Ken B., this may make clearer what I have been saying about the relationship of the historical investigation and practical concerns.

Imagine that I am motivated to study computer science in order to get a high-paying job, or in order to impress the smart girl in my computer science class. While one of these factors may motivate my study, it should be clear that neither my plan to get a high-paying job or my dream of dating the girl are any part of computer science itself. And if I actually want to get the job or date the girl by this means, at some point I had better stop paying attention to the job market or the girl and start paying attention to computer science.

So it is with history: of course, an historian may be motivated to study some episode in the past because of some present concern. But if that historian actually wants to understand what occurred in the past, at some point, he must set his concern with the present matter aside, and focus upon the past.
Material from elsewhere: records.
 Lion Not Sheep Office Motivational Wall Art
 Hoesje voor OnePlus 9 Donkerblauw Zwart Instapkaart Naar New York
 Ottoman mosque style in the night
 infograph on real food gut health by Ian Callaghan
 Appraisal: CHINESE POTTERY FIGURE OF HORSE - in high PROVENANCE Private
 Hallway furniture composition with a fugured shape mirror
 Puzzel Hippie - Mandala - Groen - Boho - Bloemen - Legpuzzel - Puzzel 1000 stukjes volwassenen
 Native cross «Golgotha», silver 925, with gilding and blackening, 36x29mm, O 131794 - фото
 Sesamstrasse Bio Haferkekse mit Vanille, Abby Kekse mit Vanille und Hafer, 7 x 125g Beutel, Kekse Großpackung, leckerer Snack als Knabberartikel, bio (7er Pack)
  1. Right. I certainly agree with all that and think Keshav does too. But where we started on this winding road was the use of counter-factuals in history. Now the use of counter-factuals in "practical history" is clear. I want to stand up to Putin, so I cite Munich to you. We are not doing history, we are using it. (I also agree that the usual account of Munich has been schematized to makes it's use in debates like this easier.)
    But what Keshav and I are saying is that even in doing history counter-factual reasoning is involved. You have to, at a minimum, decide what to record.
    You wrote:
    "But a full historical account of the situation fully explains it."
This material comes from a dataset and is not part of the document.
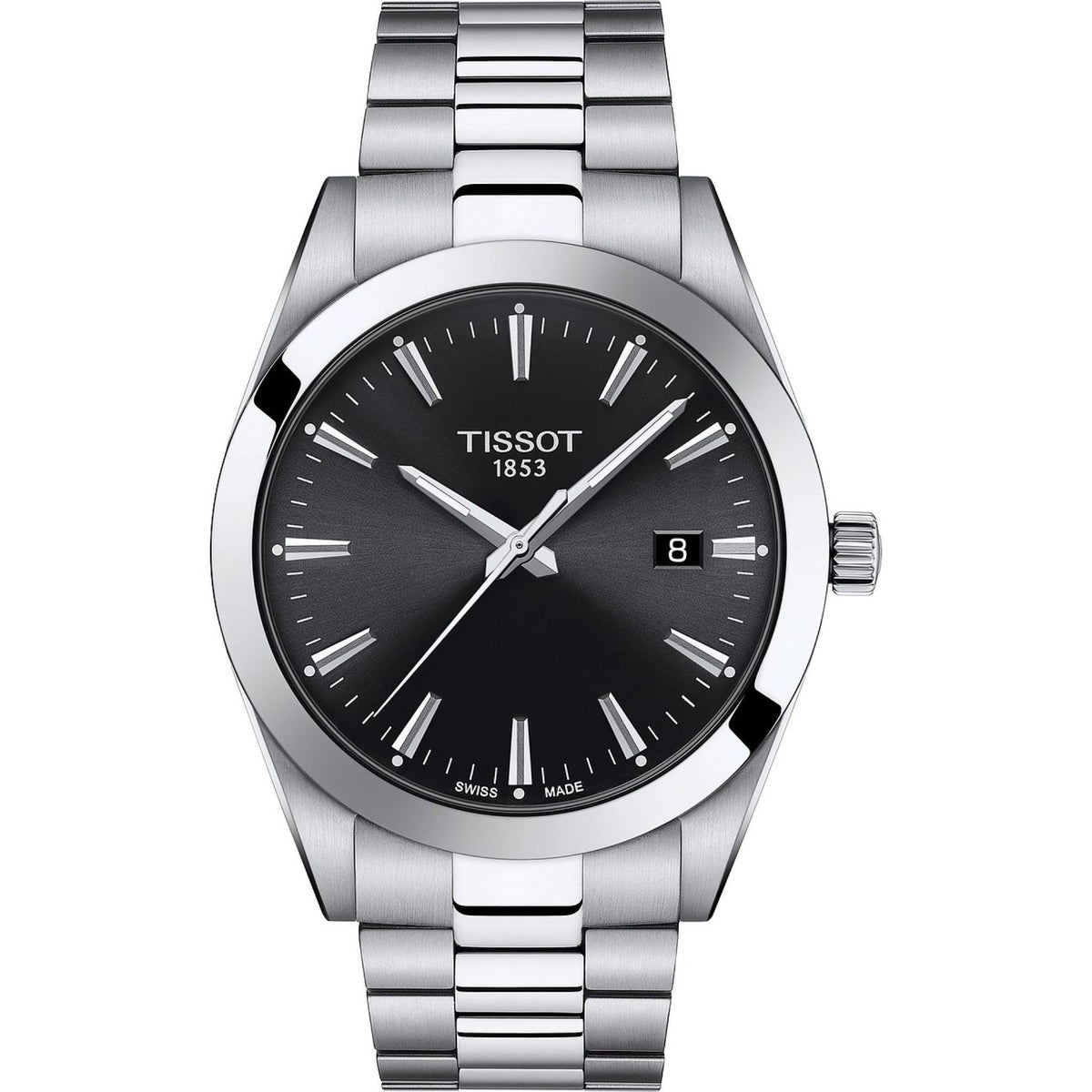 Tissot Gentleman Herrenuhr silber schwarz Edelstahl Hauptbild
    Well I think we all agree that full is an asymptotic limit; some accounts can get closer than others.
    The point we are making is about what constitutes a putatively "full" account. Elmo's book leaves out Munich, and all the diplomatic cabbles of 1939 but includes full details of cotton candy sales in Newark in August 1938. Donald Cameron Watt's How War Came ignores cotton candy entirely. I think Watt has a "fuller" account than Elmo, and that Watt used counter-factual thinking to choose what to investigate and include. Watt's account is fuller not because it is longer or includes the movements of more molecules over a longer span but because it includes more that is relevant to the actual decisions and actions. And that judgment of relevance relies upon counter-factual reasoning by Watt and others.
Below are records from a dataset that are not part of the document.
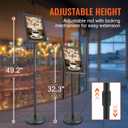 VEVOR Pedestal Sign Holder, 8.5 x 11 Inch Vertical and Horizontal Adjustable Poster Stand, Heavy-Duty Floor Standing Sign Holder with Round Base for Display, Advertisement, and Outdoor, Black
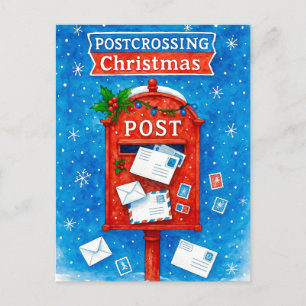 Postcrossing Weihnachts-Wasserfarben-Postkarten-Po Feiertagspostkarte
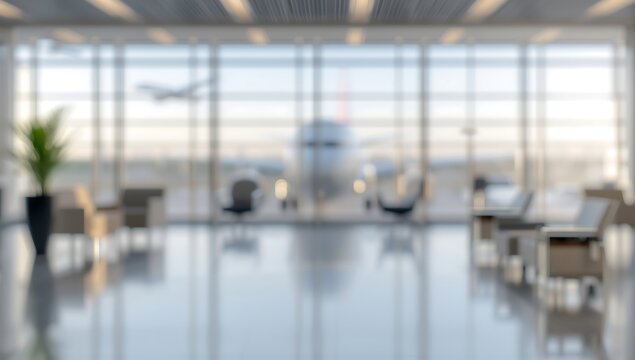 Blurred Airport Lounge with Airplane and Seating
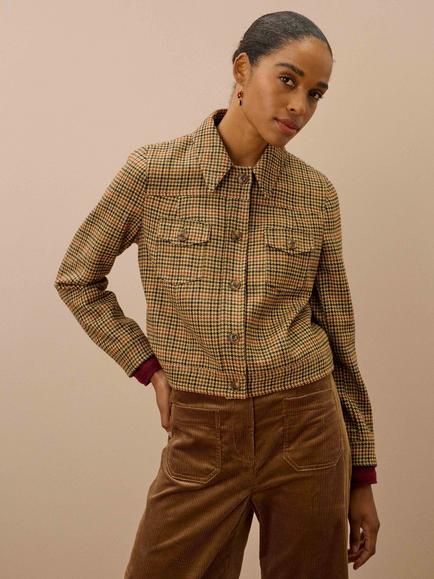 Brora Houndstooth Pure Wool Utility, Oatmeal/Paprika, Oatmeal/Paprika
  2. To further expand on one point.
    I agree that when people cite history they are often citing a modified version of history, the modification being made to make the story fit the terms of a present debate. When an isolationist discusses the origins of WWI he talks about "entagling alliances" and ignores, for example, the motives and actions of Berchtold. He is not doing history, indeed he is making a hash of history. That he is making a hash of it is actually not that important to the use he is making of the history, since to serve as a useful counter-factual it need not be what really happened but just what plausibly could have happened. He is not doing history, he is doing something quite different. That I agree with.